Fulper Pottery was incorporated in 1809 by the Fulper Brothers in Flemington, New Jersey. The earliest of Fulper Pottery was crafted from the rich clay found in Hunterdon County, which was also home to several other potteries. This area in the country became known as the original home of 'Bennington' type of art pottery, such as those pottery pieces finished in salt glazes.
The art pottery line was formally introduced with the Vasecraft series in 1909. Vasecraft was influenced by ancient Greek and Chinese ceramics with simple shapes and superb matte, crystalline and flambé glazes. The early years in Fulper Pottery are indicative of the striking quality glazes that Fulper Pottery is so well known for. Using approximately 100 different glazes over the years, there are many examples that are representative of the beauty of even the most common forms.
Likewise, there are a variety of markings over the years. Fulper’s middle period of production also used other marks including the Rafco mark and Flemington stamp. Marking goes as follows:
- Fulper Rectangular Ink Mark (1909-1916)
- Fulper Vasecraft Paper Label (1909-1916)
- Prang Rectangular Ink Mark (1913-1929)
- Raised Oval Fulper Mark (1916-1922)
- Incised Fulper Mark (1916-1922)
- Oval Ink-Stamped Vertical Mark (1922-1928)
- And, the Fulper Horizontal Impressed Mark (1928-1935)

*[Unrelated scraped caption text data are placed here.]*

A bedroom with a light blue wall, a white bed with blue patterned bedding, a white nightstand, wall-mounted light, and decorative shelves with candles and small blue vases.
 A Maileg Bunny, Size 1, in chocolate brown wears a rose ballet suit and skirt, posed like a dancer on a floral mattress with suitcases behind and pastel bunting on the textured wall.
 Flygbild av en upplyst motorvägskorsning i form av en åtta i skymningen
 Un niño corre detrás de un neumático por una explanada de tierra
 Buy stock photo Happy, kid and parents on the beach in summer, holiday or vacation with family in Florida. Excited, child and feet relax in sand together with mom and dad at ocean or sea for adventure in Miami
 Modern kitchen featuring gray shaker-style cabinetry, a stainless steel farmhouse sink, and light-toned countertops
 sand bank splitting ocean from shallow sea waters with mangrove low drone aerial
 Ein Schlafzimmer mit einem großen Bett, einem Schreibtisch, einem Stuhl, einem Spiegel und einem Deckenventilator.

Fulper Pottery artists include John Kunsman, the Rutgers University professor Dr. Cullen Parmelee, and Martin Stangl. In 1910, Martin Stangl became the ceramics engineer for Fulper Pottery, as this area was growing in leaps and bounds. In this role, he was credited for the development of many of the art pottery forms and glazes for the company while also juggling the difficulties inherent of a new business model. Fulper Pottery, under Stangl's direction, became the first American pottery company that introduced a line of dinnerware to the American people in glazed solid colors.